REQUIRED ACTION: A word-for-word repetition of all the entries is needed.

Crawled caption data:
--- START ---
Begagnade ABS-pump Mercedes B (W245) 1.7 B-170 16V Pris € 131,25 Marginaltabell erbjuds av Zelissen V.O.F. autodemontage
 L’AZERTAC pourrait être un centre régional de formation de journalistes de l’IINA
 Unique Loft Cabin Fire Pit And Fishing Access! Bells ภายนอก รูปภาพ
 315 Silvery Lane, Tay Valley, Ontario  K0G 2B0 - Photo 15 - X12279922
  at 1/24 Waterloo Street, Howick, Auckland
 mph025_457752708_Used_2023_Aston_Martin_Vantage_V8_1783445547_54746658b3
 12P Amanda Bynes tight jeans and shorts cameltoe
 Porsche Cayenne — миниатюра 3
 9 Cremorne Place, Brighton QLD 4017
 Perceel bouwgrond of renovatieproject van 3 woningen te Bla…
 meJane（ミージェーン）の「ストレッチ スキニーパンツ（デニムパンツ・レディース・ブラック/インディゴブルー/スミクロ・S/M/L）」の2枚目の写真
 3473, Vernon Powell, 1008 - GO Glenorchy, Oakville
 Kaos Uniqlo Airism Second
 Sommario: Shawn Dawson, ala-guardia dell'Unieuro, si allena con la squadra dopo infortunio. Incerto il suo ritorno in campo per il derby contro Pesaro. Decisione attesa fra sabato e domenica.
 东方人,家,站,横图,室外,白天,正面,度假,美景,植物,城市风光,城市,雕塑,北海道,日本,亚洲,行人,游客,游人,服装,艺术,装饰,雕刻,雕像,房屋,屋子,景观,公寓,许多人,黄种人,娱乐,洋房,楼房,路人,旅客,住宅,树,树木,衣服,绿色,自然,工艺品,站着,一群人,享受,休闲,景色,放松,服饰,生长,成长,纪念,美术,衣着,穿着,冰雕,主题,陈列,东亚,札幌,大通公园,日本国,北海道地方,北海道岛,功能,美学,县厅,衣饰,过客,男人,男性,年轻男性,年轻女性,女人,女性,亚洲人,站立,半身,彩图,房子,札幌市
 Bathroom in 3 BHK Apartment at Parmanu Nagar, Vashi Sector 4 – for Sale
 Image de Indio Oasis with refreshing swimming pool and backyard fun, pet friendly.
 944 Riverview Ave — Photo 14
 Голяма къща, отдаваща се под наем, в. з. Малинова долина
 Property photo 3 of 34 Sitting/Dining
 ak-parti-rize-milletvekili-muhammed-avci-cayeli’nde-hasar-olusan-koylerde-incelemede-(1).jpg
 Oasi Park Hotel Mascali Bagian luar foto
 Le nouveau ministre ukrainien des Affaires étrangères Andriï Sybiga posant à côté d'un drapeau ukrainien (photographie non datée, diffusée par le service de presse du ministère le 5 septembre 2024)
--- END ---
SOLUTION TO THIS PROBLEM:
Begagnade ABS-pump Mercedes B (W245) 1.7 B-170 16V Pris € 131,25 Marginaltabell erbjuds av Zelissen V.O.F. autodemontage
 L’AZERTAC pourrait être un centre régional de formation de journalistes de l’IINA
 Unique Loft Cabin Fire Pit And Fishing Access! Bells ภายนอก รูปภาพ
 315 Silvery Lane, Tay Valley, Ontario  K0G 2B0 - Photo 15 - X12279922
  at 1/24 Waterloo Street, Howick, Auckland
 mph025_457752708_Used_2023_Aston_Martin_Vantage_V8_1783445547_54746658b3
 12P Amanda Bynes tight jeans and shorts cameltoe
 Porsche Cayenne — миниатюра 3
 9 Cremorne Place, Brighton QLD 4017
 Perceel bouwgrond of renovatieproject van 3 woningen te Bla…
 meJane（ミージェーン）の「ストレッチ スキニーパンツ（デニムパンツ・レディース・ブラック/インディゴブルー/スミクロ・S/M/L）」の2枚目の写真
 3473, Vernon Powell, 1008 - GO Glenorchy, Oakville
 Kaos Uniqlo Airism Second
 Sommario: Shawn Dawson, ala-guardia dell'Unieuro, si allena con la squadra dopo infortunio. Incerto il suo ritorno in campo per il derby contro Pesaro. Decisione attesa fra sabato e domenica.
 东方人,家,站,横图,室外,白天,正面,度假,美景,植物,城市风光,城市,雕塑,北海道,日本,亚洲,行人,游客,游人,服装,艺术,装饰,雕刻,雕像,房屋,屋子,景观,公寓,许多人,黄种人,娱乐,洋房,楼房,路人,旅客,住宅,树,树木,衣服,绿色,自然,工艺品,站着,一群人,享受,休闲,景色,放松,服饰,生长,成长,纪念,美术,衣着,穿着,冰雕,主题,陈列,东亚,札幌,大通公园,日本国,北海道地方,北海道岛,功能,美学,县厅,衣饰,过客,男人,男性,年轻男性,年轻女性,女人,女性,亚洲人,站立,半身,彩图,房子,札幌市
 Bathroom in 3 BHK Apartment at Parmanu Nagar, Vashi Sector 4 – for Sale
 Image de Indio Oasis with refreshing swimming pool and backyard fun, pet friendly.
 944 Riverview Ave — Photo 14
 Голяма къща, отдаваща се под наем, в. з. Малинова долина
 Property photo 3 of 34 Sitting/Dining
 ak-parti-rize-milletvekili-muhammed-avci-cayeli’nde-hasar-olusan-koylerde-incelemede-(1).jpg
 Oasi Park Hotel Mascali Bagian luar foto
 Le nouveau ministre ukrainien des Affaires étrangères Andriï Sybiga posant à côté d'un drapeau ukrainien (photographie non datée, diffusée par le service de presse du ministère le 5 septembre 2024)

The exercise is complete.